LocalMHA: Local Multi-Head Attention for PyTorch

Overview

The LocalMHA module is a local multi-head attention mechanism designed to process sequences in smaller, fixed-size windows, allowing it to handle long sequences more efficiently. This module is especially useful when working with long sequences where global attention mechanisms become computationally expensive. It combines local attention with the power of multi-head attention to capture information from different representation subspaces.

Key Concepts:

  • Local Attention: Instead of attending to all positions in the input sequence, local attention restricts the attention to a small fixed-sized window around each position.

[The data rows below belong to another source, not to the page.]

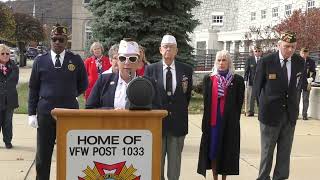 VFW Post 1033 Holds Veterans Day Ceremony 111123 [upl. by Shellans654]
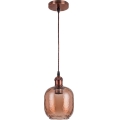 Brilagi - LED κρεμαστό φωτιστικό με καλώδιο RETRO GLASS 1xE27/60W/230V Ø 14 cm, χάλκινο/καπνιστό καφέ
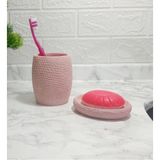 Mikasso Sabunluk Diş Firçalik 2 Li Banyo Seti,pembe Petek Model,poliresin Polyester Pembe - Çok Renkli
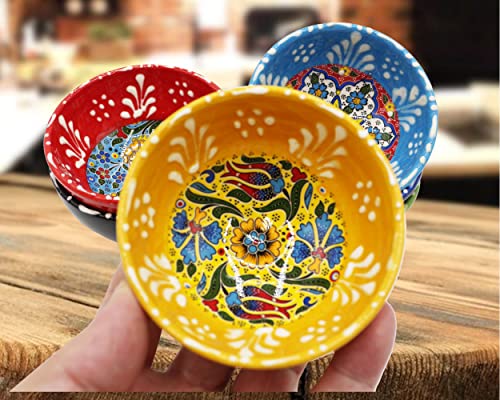 Silver Craft 6 Pcs Hand Painted Decorative Serving Turkish Tiny Bowls - Handmade Ceramic Bowl Set Of (3.3''Inc/8.5Cm) 2.5 Oz Pinch Multicolor Small Best Gift Set thumb #8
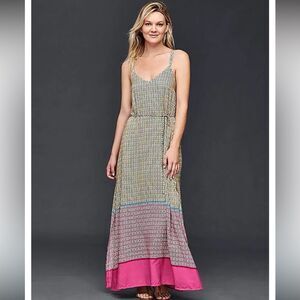Gap Maxi Dress Women's‎ Size Small Tall Dual Spaghetti Straps Sleeveless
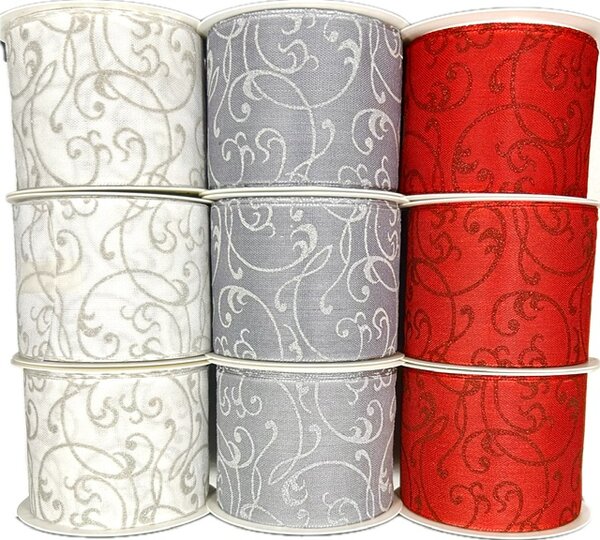 Stuha vánoční Elegant Ribbon Luxe – Sada 9ks - 60mm x 3m (15,-Kč/m)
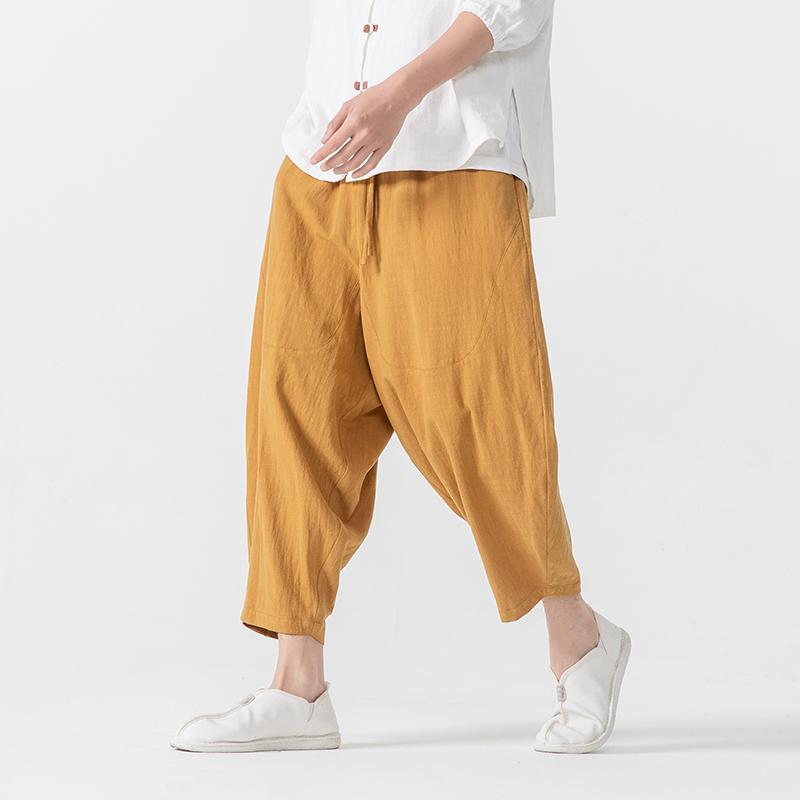 2025 Летние мужские повседневные брюки Классические хлопковые льняные брюки в китайском стиле Длинные винтажные мешковатые брюки Harajuku Широкие брюки мужские брюки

  • Multi-Head Attention: The input is split into multiple heads, allowing the network to attend to information from different representation subspaces simultaneously.

Class Definition

class LocalMHA(nn.Module):

Parameters:

  • dim (int): Dimensionality of the input sequence.

  • window_size (int): The size of the local attention window. The module will attend to this fixed-size window around each position.

  • dim_head (int, optional): Dimensionality of each attention head. Default is 64.

  • heads (int, optional): Number of attention heads. Default is 8.

  • dropout (float, optional): Dropout probability applied after the attention mechanism. Default is 0.0.

  • causal (bool, optional): If set to True, the attention mechanism will be causal, ensuring that each position only attends to previous positions. Default is False.

  • prenorm (bool, optional): If set to True, layer normalization is applied before the multi-head attention mechanism. Default is False.

  • qk_rmsnorm (bool, optional): If set to True, root mean square normalization is applied to the query and key tensors. Default is False.

  • qk_scale (int, optional): Scaling factor for queries and keys when qk_rmsnorm is set to True. Default is 8.

  • use_xpos (bool, optional): If set to True, the attention mechanism uses relative positional embeddings. Default is False.

  • xpos_scale_base (float, optional): Base scaling factor for relative positional embeddings. If None, it defaults to the square root of the dimension of the model. Only used when use_xpos is True.

  • exact_windowsize (bool, optional): If set to True, the attention window size is strictly adhered to, without any additional padding. Default is True.

Method: forward

This method performs the forward pass of the LocalMHA module.

Parameters:

  • x (torch.Tensor): The input tensor with shape [batch_size, sequence_length, dim].

  • mask (torch.Tensor, optional): A boolean mask tensor with shape [batch_size, sequence_length]. Positions with True values will be masked and won't be attended to.

  • attn_bias (torch.Tensor, optional): Additional bias to add to the attention scores before softmax.

Returns:

  • torch.Tensor: The output tensor after local multi-head attention with shape [batch_size, sequence_length, dim].

Example Usage

from torch import tensor

from zeta import LocalMHA

# Sample data
x = tensor(
    [[...], [...], ...]
)  # Example input tensor with shape [batch_size, sequence_length, dim]

# Initialize the LocalMHA module
local_mha = LocalMHA(dim=512, window_size=5)

# Forward pass
output = local_mha(x)

Mathematical Formula

For a given input ( x ):

  1. Linearly project ( x ) into queries ( Q ), keys ( K ), and values ( V ).
  2. If qk_rmsnorm is True, apply RMS normalization to ( Q ) and ( K ).
  3. For each position ( i ) in ( x ), compute attention scores with all positions in the window around ( i ).
  4. Apply softmax to the scores, then compute the attention output as a weighted sum of ( V ) based on these scores.
  5. Finally, concatenate all head outputs and linearly project to get the final output.

Additional Information

The LocalMHA module provides a balance between computational efficiency and the ability to capture long-range dependencies. While it restricts attention to local windows, the use of multi-head attention allows it to attend to different features within that window. The optional use of RMS normalization and relative positional embeddings further extends its capabilities.

References

For a deeper understanding of multi-head attention, see the original Transformer paper. For details on local attention, you might refer to relevant literature on efficient transformers or localized attention mechanisms.